Dal 30 maggio al 2 giugno c’è stata una serie di scioperi consecutivi nel distretto tessile di Prato, il più grande d’Europa e il punto di riferimento per la produzione dell’abbigliamento “made in Italy”. Il distretto è conosciuto però anche per il sistema consolidato di sfruttamento della manodopera in molte delle sue aziende, a conduzione cinese. Gli scioperi hanno smosso un po’ le cose: nelle scorse settimane 28 aziende hanno fatto accordi con i sindacati per garantire per la prima volta la settimana lavorativa di 40 ore. «È un numero eccezionalmente alto considerati i giorni di sciopero che abbiamo fatto», dice Sarah Caudiero, sindacalista del Sudd Cobas Prato Firenze, che da tempo si occupa della situazione dei lavoratori di aziende di questo tipo.

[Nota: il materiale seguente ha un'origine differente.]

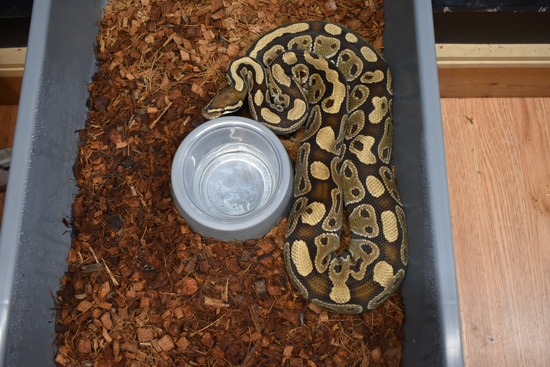 *CW* 25% OFF Proven Baker Special Ball Python by Sloan Reptiles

Gli scioperi, con lo slogan “Strike Days”, riguardavano aziende tendenzialmente piccole, da 10-15 dipendenti. Sono la maggioranza di quelle che compongono il distretto e producono soprattutto confezioni per abiti. Secondo il sindacato, in queste aziende le persone lavorano 12 ore al giorno per 7 giorni alla settimana, con contratti a termine, spesso in nero e senza tutele, o a fronte di contratti part-time non rispettati. Non a caso gli ultimi scioperi si sono tenuti durante il ponte del 2 giugno: sono giorni in cui le aziende dovrebbero essere chiuse (la domenica e il festivo), ma in realtà nel distretto tessile di Prato non lo sono.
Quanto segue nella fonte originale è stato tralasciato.